This means a change to the number of users, the guest password, or the hieradata variable no longer trigger a rebuild of mgmt1
but only a reupload of YAML files (PR #89)
- [docs] Various fixes (Issues #87, #92, #93)
### Removed
- Hieradata has been removed from puppetmaster.yaml template.
## [7.3] 2020-06-04
This release introduces three main features:
- Add support for Slurm 20
- Add support for CentOS 8. Tested functional on GCP and OpenStack. AWS and Azure do not provide
an official CentOS 8 image with cloud-init support at the moment of this release.
- Add support for Compute Canada Arbutus Cloud NVIDIA VGPUs (flavor `vgpu-...`).
### Changed
- Improved main documentation.
- [AWS] Most resources if not all now have the name of the cluster as a prefix in their name
- [OpenStack] Simplified volume attachment count computation
- [puppet] Slurm plugin spank-cc-tmpfs_mounts is now installed from copr yumrepo
- [puppet] Fixed order of slurm packages install
- [puppet] Exec resource in charge of creating the slurm cluster in slurmdbd now returns 0 if the cluster already exists
- [puppet] `consul-template` class initialization is now entirely in hieradata file `common.yaml`.
- [puppet] CentOS 8 support: replaced notification of `nfs-idmap.service` by notification of `nfs-server.service`.
- [puppet] CentOS 8 support: replaced `pdsh` by `clustershell`
- [puppet] CentOS 8 support: rpc_nfs_args is now only defined if os is CentOS 7.
- [puppet] CentOS 8 support: `ipa_create_user.py` now use `/usr/libexec/platform-python` instead of `/usr/bin/env python`.
- [puppet] CentOS 8 support: Replaced Python 2 `unicode` calls in `ipa_create_user.py` by six's `text_type`
- [puppet] CentOS 8 support: Moved list of nvidia package names from class profile::gpu to hieradata. List now depends on CentOS version.
- [puppet] CentOS 8 support: Moved FreeIPA `regen_cert_cmd` value to hieradata.

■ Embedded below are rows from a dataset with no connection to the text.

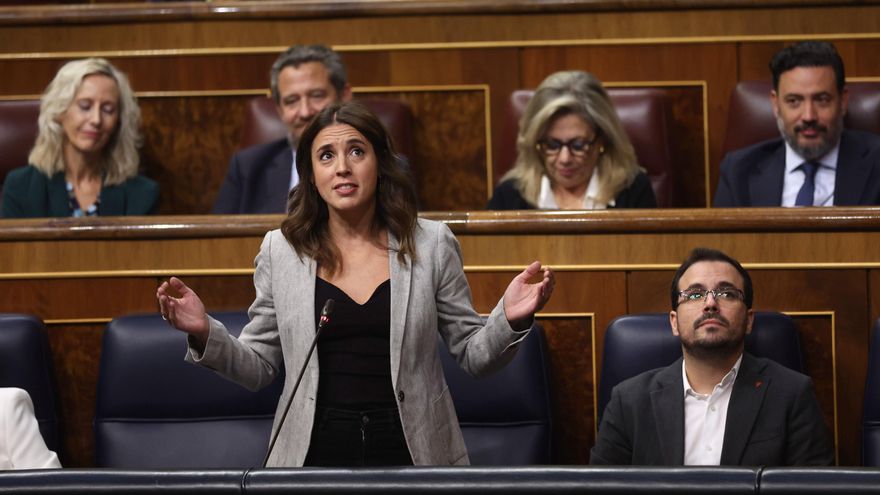 Irene Montero achaca las rebajas de penas a agresores sexuales a que "hay jueces que están incumpliendo la ley"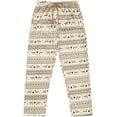 thumbnail image 1 of North 15 Women's Super Soft Holiday Print Pajama Pants-L1315-Des4-3XL, 1 of 1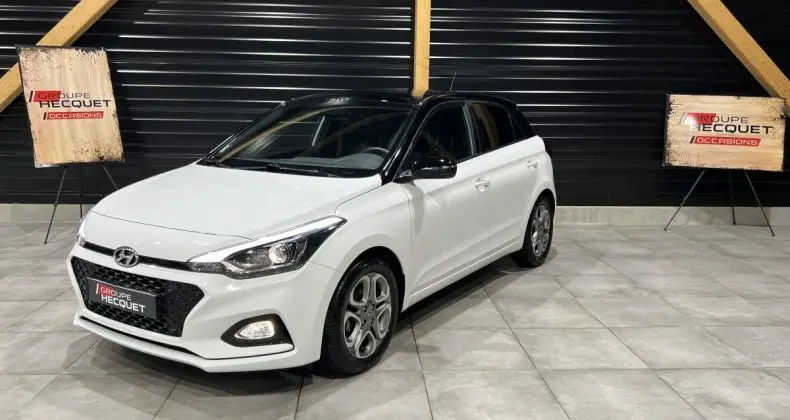 Photo 1 : Hyundai I20 2020 Petrol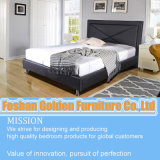King Size Faux Leather Bed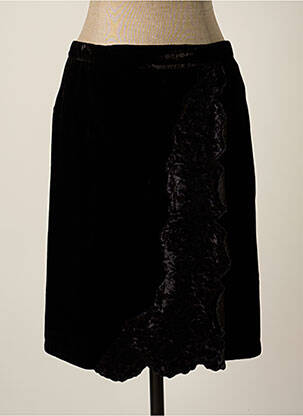 Fustă midi negru MINE DE RIEN femeie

Command now depends on CentOS version.
- [puppet] Bumped puppet-jupyterhub version to 3.3.2
- [puppet] Update nvidia driver fact to make sure at most one version is in the output
- [puppet] Changed logic of `nvidia_grid_vgpu` fact to just check if the instance flavor includes `vgpu` in its name
- [puppet] CentOS 8 support: Moved default loaded CVMFS modules to hieradata. Module list now depends on CentOS version
- [puppet] CentOS 8 support: Fixed nfs clean rbind execstop warning
- [puppet] Replaced tcp_con_validator to check if slurmdbd is running by a wait_for resource on slurmdbd.log regex
- [puppet] CentOS 8 support: Fixed package name in nvidia-driver-version fact.
- [cloud-init] Replaced `reboot -n` in `runcmd` by `power_state` with reboot now. This makes sure final stage of cloud-init is applied before reboot.

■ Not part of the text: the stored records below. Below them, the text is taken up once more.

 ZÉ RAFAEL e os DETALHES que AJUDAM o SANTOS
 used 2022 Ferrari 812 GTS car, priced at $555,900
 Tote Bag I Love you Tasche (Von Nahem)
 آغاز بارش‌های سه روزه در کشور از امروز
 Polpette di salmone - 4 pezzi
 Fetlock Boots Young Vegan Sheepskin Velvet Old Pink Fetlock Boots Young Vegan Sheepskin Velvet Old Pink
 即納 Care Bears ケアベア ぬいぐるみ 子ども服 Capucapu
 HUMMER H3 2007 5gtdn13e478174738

- [gcp] CentOS 8 support: rewrote `install_cloudinit.sh` to avoid network issue at boot and install cloud-init only for the time needed. (issue #85)
### Added
- [puppet] Added support for CentOS 8 when selecting Slurm yumrepo
- [puppet] Slurm 20 support: Added `slurm_version` variable to hieradata. It can be either 19 or 20.
- [puppet] Slurm 20 support: Added PlugStackConfig parameter to slurm.conf
- [puppet] Added slurm-perlapi package to `profile::base::slurm`
- [puppet] Added exec to initialize cvmfs default.local with consul-template.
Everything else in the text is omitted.